● **Goal of the exercise**
Word for word, copy the records and drop the pictures.

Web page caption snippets
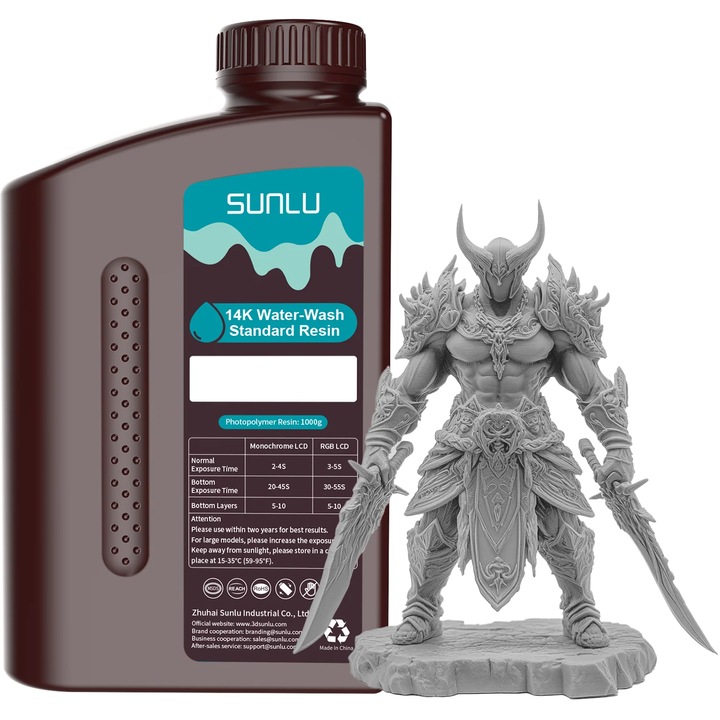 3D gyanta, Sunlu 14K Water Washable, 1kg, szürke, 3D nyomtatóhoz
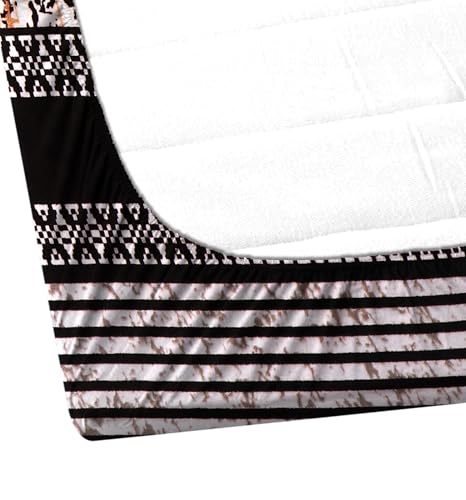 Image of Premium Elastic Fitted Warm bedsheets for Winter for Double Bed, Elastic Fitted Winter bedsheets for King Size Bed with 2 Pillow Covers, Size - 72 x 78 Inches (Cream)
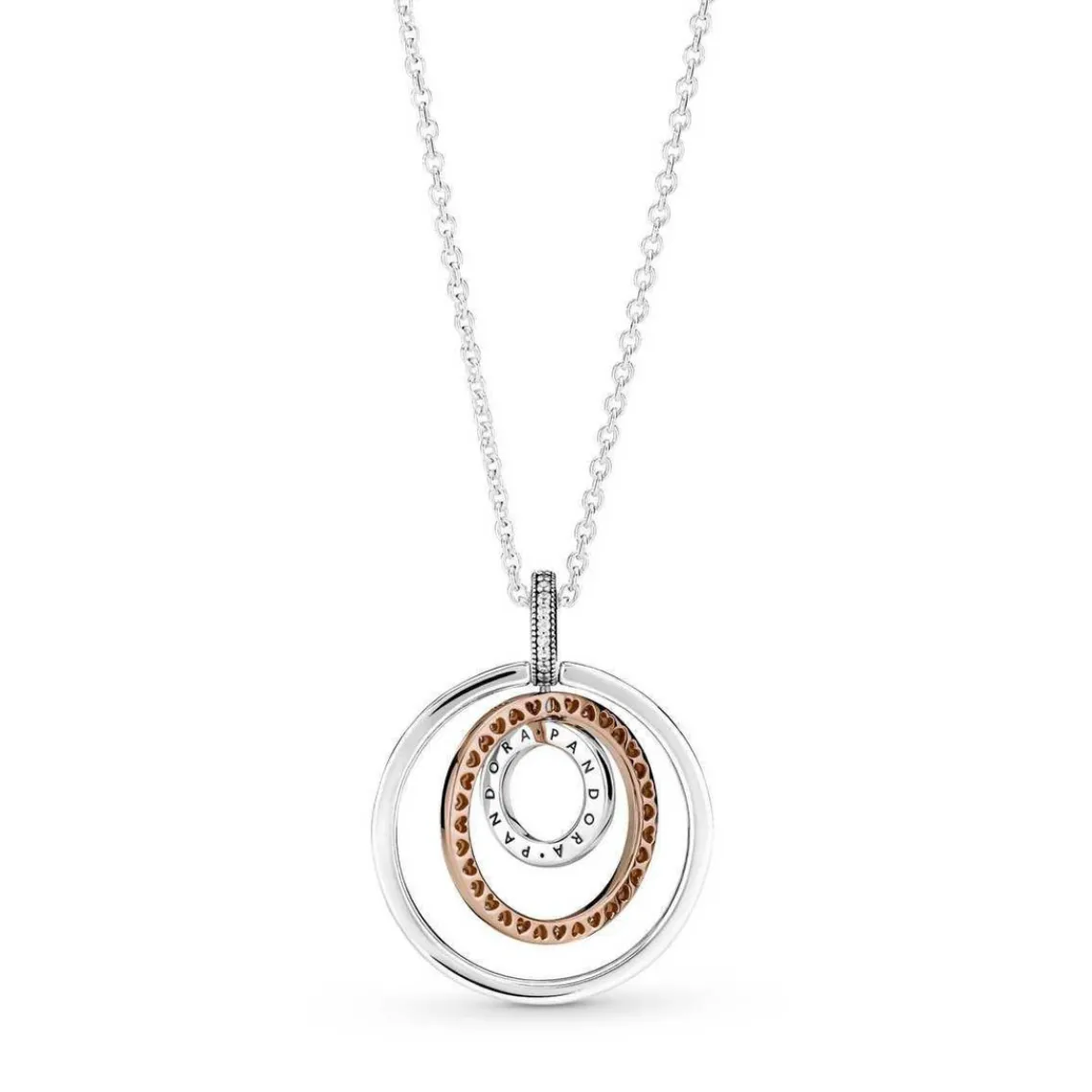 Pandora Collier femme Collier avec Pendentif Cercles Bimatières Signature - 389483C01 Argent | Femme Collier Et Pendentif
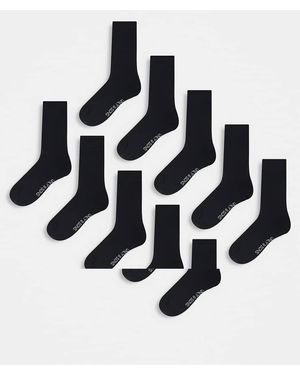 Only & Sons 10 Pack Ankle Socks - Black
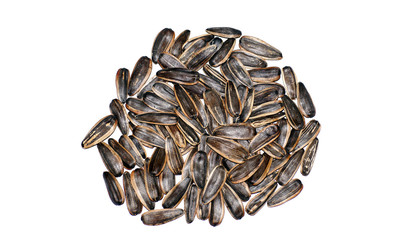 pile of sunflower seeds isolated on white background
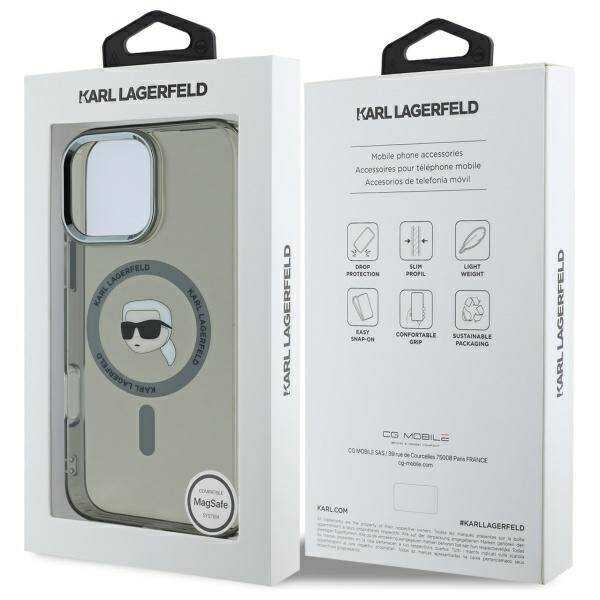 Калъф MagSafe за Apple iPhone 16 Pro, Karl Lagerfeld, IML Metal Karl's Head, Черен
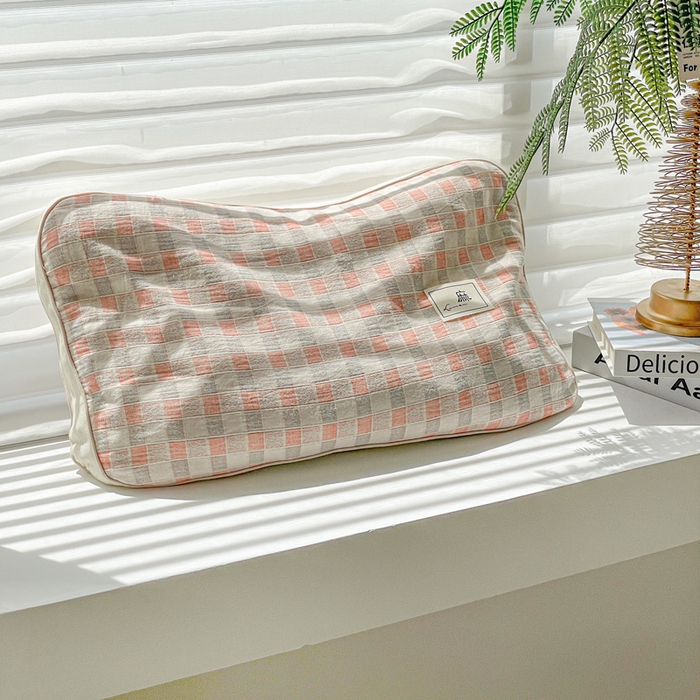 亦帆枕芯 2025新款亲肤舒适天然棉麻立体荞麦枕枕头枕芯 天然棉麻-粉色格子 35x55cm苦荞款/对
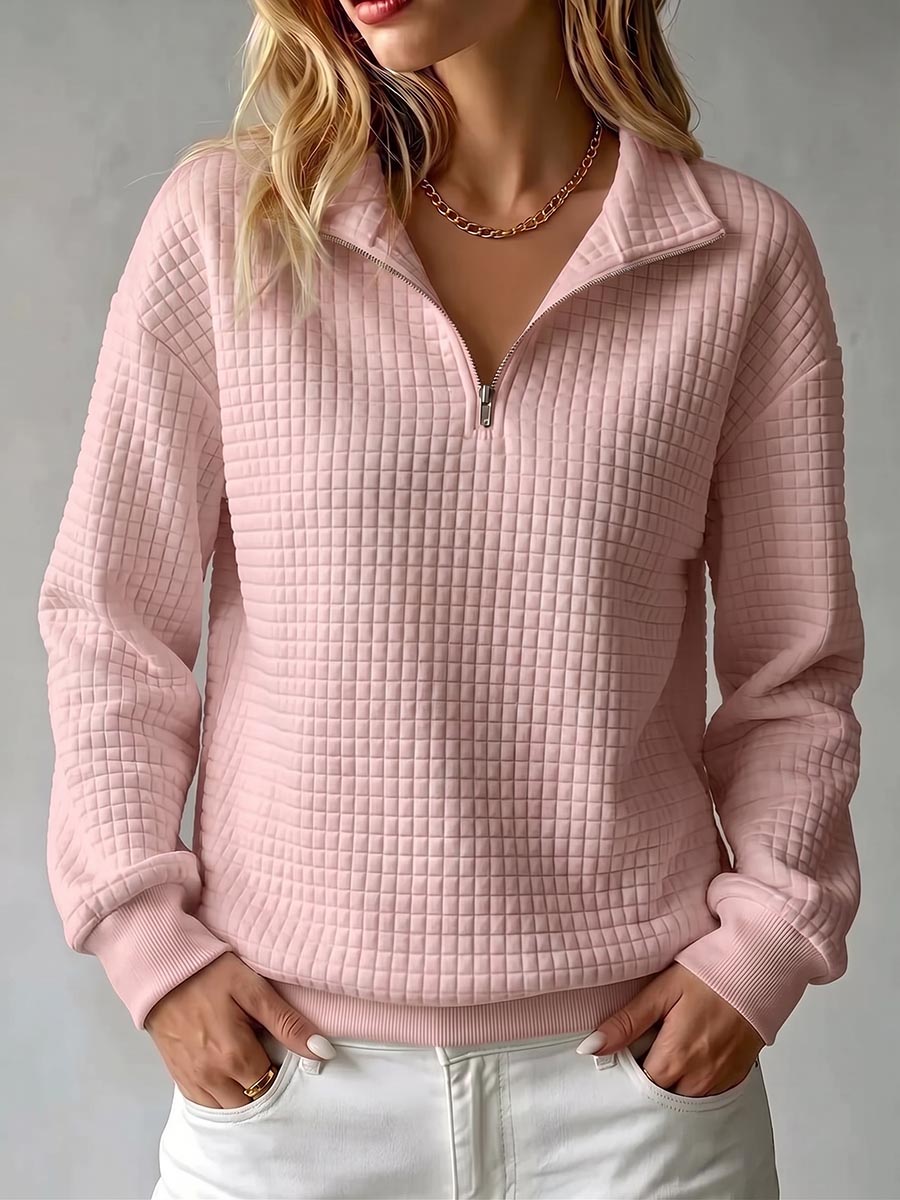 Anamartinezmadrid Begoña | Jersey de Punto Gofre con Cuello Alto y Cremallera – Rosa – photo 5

● **Response area**
 3D gyanta, Sunlu 14K Water Washable, 1kg, szürke, 3D nyomtatóhoz
 Image of Premium Elastic Fitted Warm bedsheets for Winter for Double Bed, Elastic Fitted Winter bedsheets for King Size Bed with 2 Pillow Covers, Size - 72 x 78 Inches (Cream)
 Pandora Collier femme Collier avec Pendentif Cercles Bimatières Signature - 389483C01 Argent | Femme Collier Et Pendentif
 Only & Sons 10 Pack Ankle Socks - Black
 pile of sunflower seeds isolated on white background
 Калъф MagSafe за Apple iPhone 16 Pro, Karl Lagerfeld, IML Metal Karl's Head, Черен
 亦帆枕芯 2025新款亲肤舒适天然棉麻立体荞麦枕枕头枕芯 天然棉麻-粉色格子 35x55cm苦荞款/对
 Anamartinezmadrid Begoña | Jersey de Punto Gofre con Cuello Alto y Cremallera – Rosa – photo 5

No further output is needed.